_RECORDS SHOWN_.
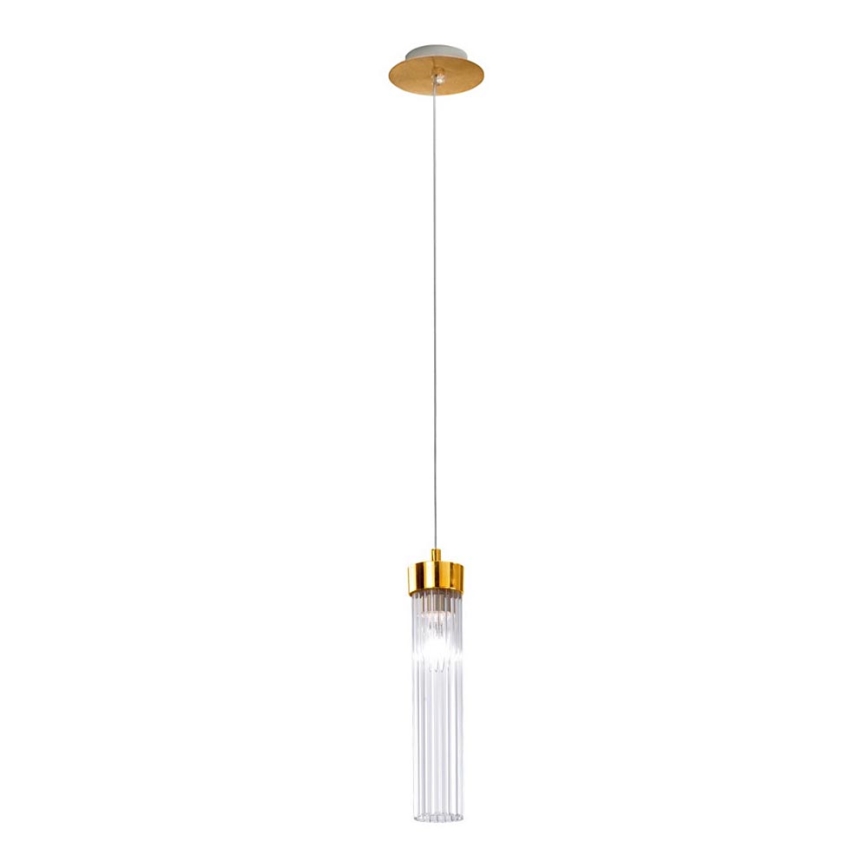 Kolarz 6009.30130 - Kattokruunu narussa RAGGIO 1xE14 / 25W / 230V 24K kulta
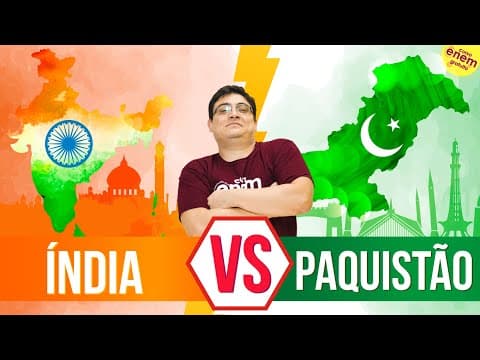 Thumbnail da aula: ÍNDIA vs PAQUISTÃO: ENTENDA O CONFLITO NA CAXEMIRA | Resumo de Geografia para o Enem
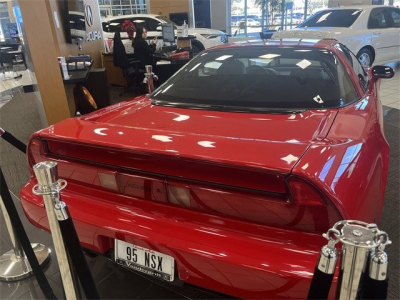 1995 Acura NSX in Formula Red over Black
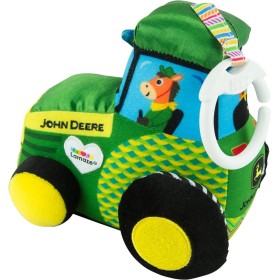 LAMAZE Traktor baby John Deere textilní závěsný s klipem pro miminko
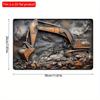 2d Flat 30*20cm, Wooden Sign Wall Hanging Excavator, Garland Sign, Home Decoration, Decorative Wall Poster, for Home, Kitchen, Garden, Bedroom, Bar.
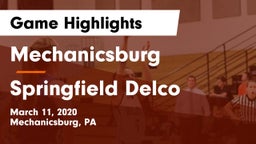 Mechanicsburg  vs Springfield Delco Game Highlights - March 11, 2020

_WORK INSTRUCTION_.
Output the data above in full and exactly, with every image left out.

_ANSWER FOR THE TASK_.
 Kolarz 6009.30130 - Kattokruunu narussa RAGGIO 1xE14 / 25W / 230V 24K kulta
 Thumbnail da aula: ÍNDIA vs PAQUISTÃO: ENTENDA O CONFLITO NA CAXEMIRA | Resumo de Geografia para o Enem
 1995 Acura NSX in Formula Red over Black
 LAMAZE Traktor baby John Deere textilní závěsný s klipem pro miminko
 2d Flat 30*20cm, Wooden Sign Wall Hanging Excavator, Garland Sign, Home Decoration, Decorative Wall Poster, for Home, Kitchen, Garden, Bedroom, Bar.
 Mechanicsburg  vs Springfield Delco Game Highlights - March 11, 2020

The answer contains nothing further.